### [WORK ORDER]
Going through the material below, output exactly the lines from the one containing "San Diego, Coronado" through the one containing "指示代词有哪些英语单词", and no pictures.

### [SOURCE INFORMATION]
----

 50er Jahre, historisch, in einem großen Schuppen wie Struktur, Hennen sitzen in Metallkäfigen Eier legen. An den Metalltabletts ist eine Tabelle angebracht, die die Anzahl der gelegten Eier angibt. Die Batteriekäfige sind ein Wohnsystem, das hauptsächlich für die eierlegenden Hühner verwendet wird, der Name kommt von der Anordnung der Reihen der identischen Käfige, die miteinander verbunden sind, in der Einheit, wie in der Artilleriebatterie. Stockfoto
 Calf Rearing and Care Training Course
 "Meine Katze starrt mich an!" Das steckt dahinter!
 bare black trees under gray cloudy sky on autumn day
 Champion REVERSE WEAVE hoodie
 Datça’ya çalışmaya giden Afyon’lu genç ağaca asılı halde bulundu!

----

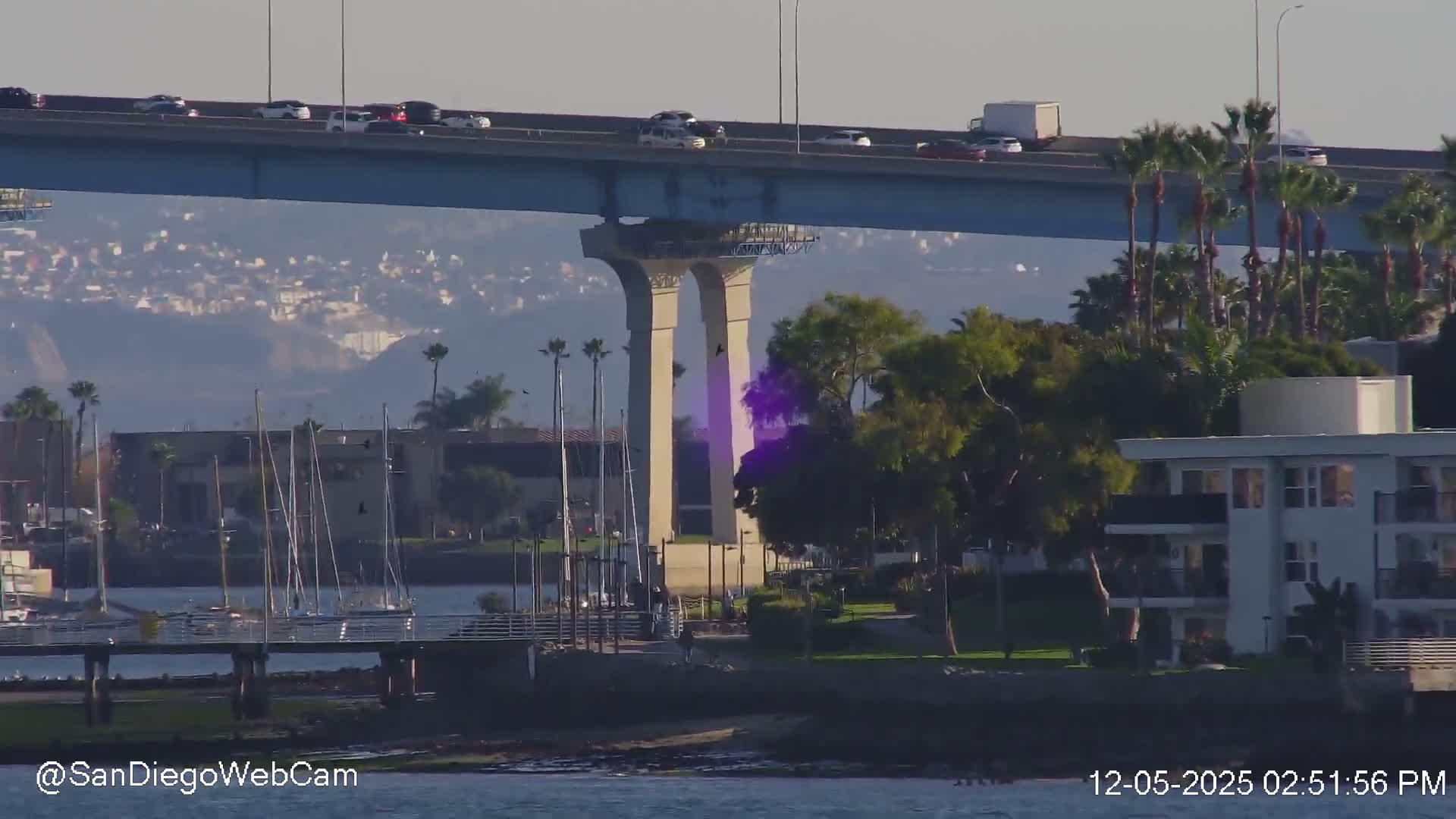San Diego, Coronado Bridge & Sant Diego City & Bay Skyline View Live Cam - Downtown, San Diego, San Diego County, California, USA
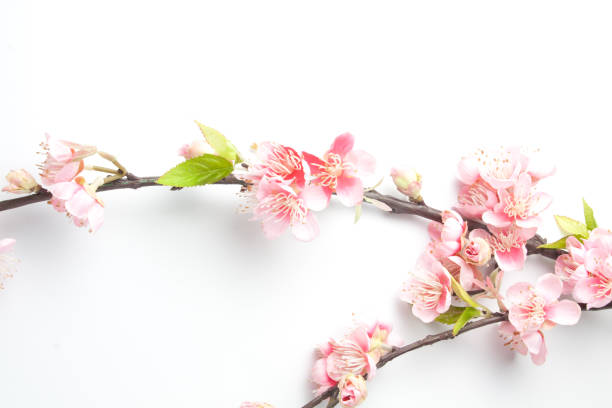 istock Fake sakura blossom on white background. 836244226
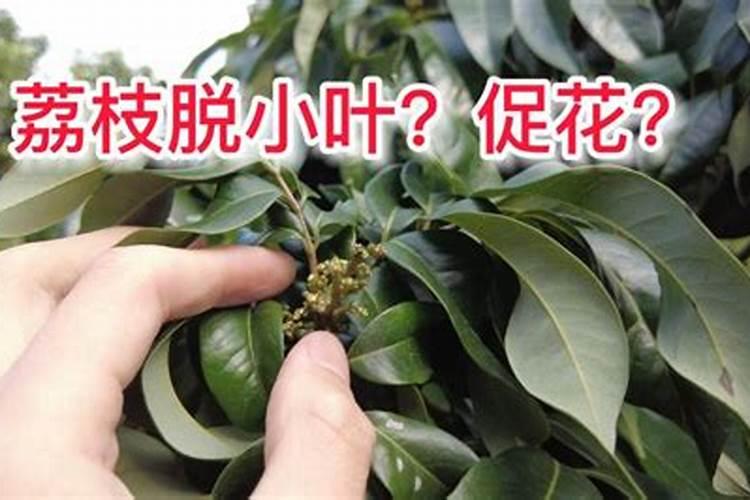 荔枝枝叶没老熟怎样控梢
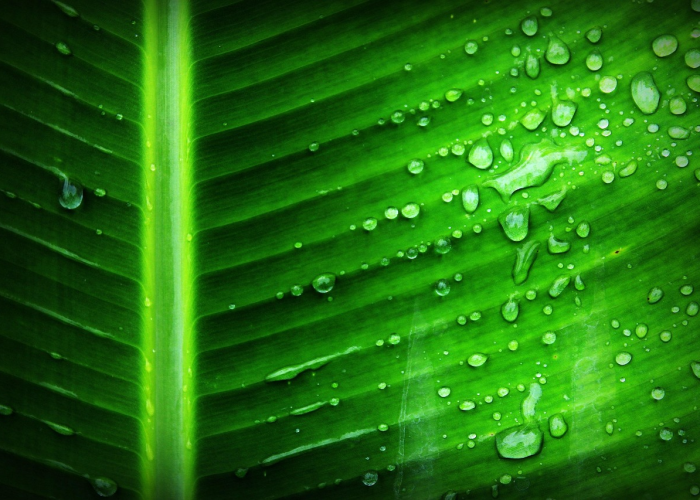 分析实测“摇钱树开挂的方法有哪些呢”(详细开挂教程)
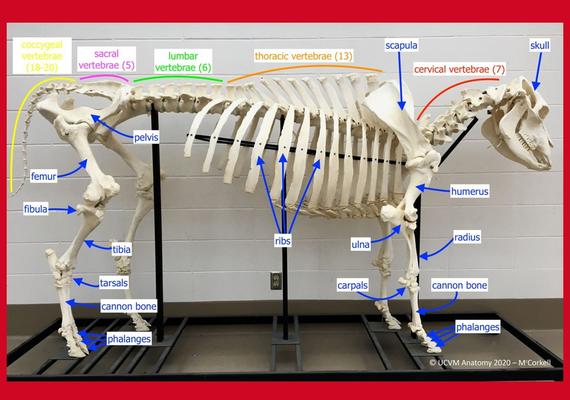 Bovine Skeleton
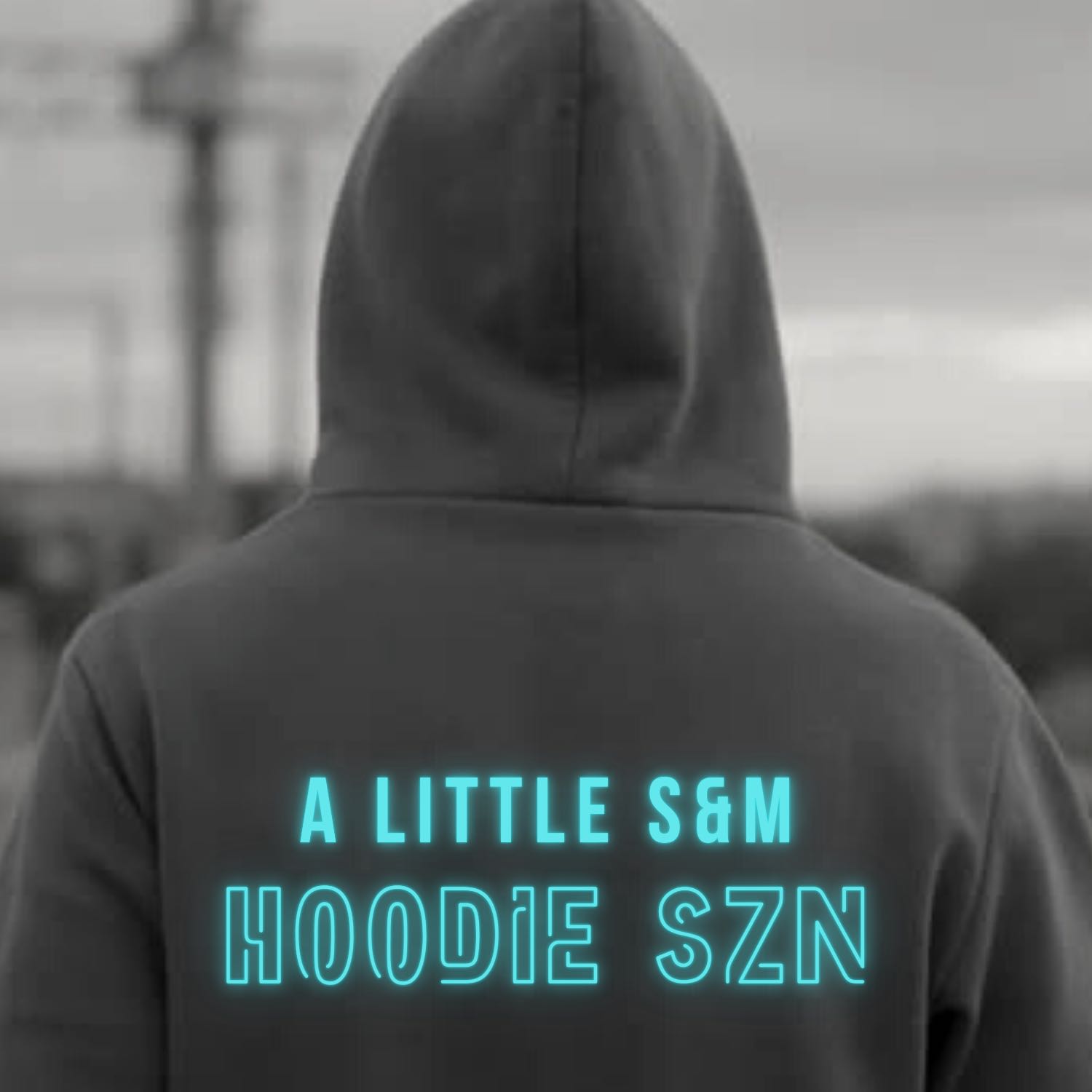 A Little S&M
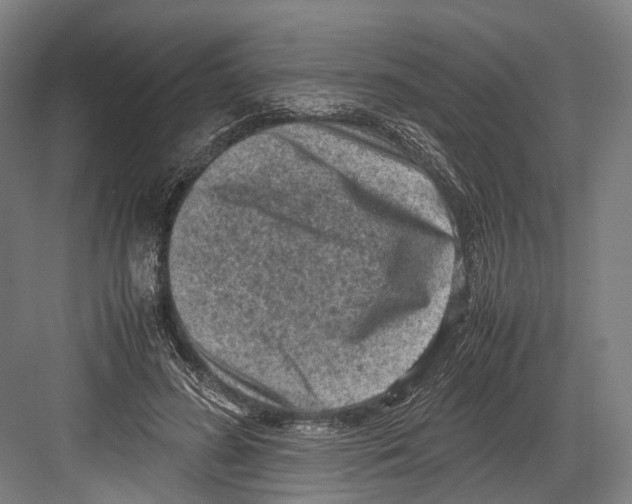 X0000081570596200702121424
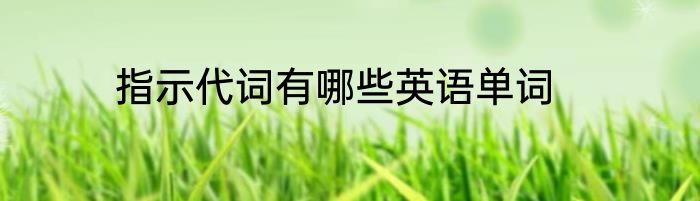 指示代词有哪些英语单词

----

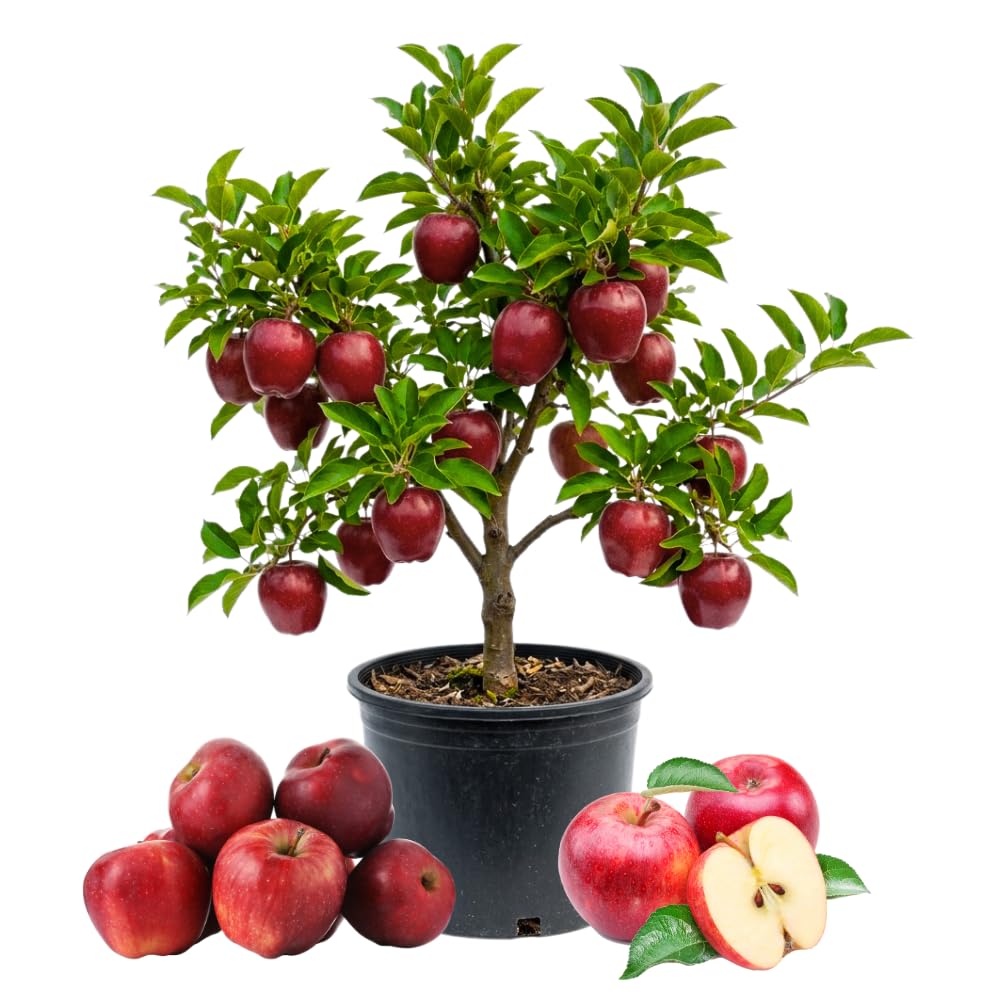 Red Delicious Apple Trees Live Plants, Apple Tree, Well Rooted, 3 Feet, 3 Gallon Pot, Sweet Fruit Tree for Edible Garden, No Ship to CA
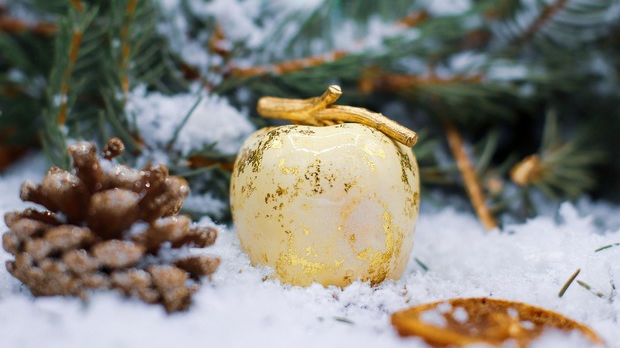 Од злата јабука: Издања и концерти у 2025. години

----

### [WRITTEN ANSWER]
San Diego, Coronado Bridge & Sant Diego City & Bay Skyline View Live Cam - Downtown, San Diego, San Diego County, California, USA
 istock Fake sakura blossom on white background. 836244226
 荔枝枝叶没老熟怎样控梢
 分析实测“摇钱树开挂的方法有哪些呢”(详细开挂教程)
 Bovine Skeleton
 A Little S&M
 X0000081570596200702121424
 指示代词有哪些英语单词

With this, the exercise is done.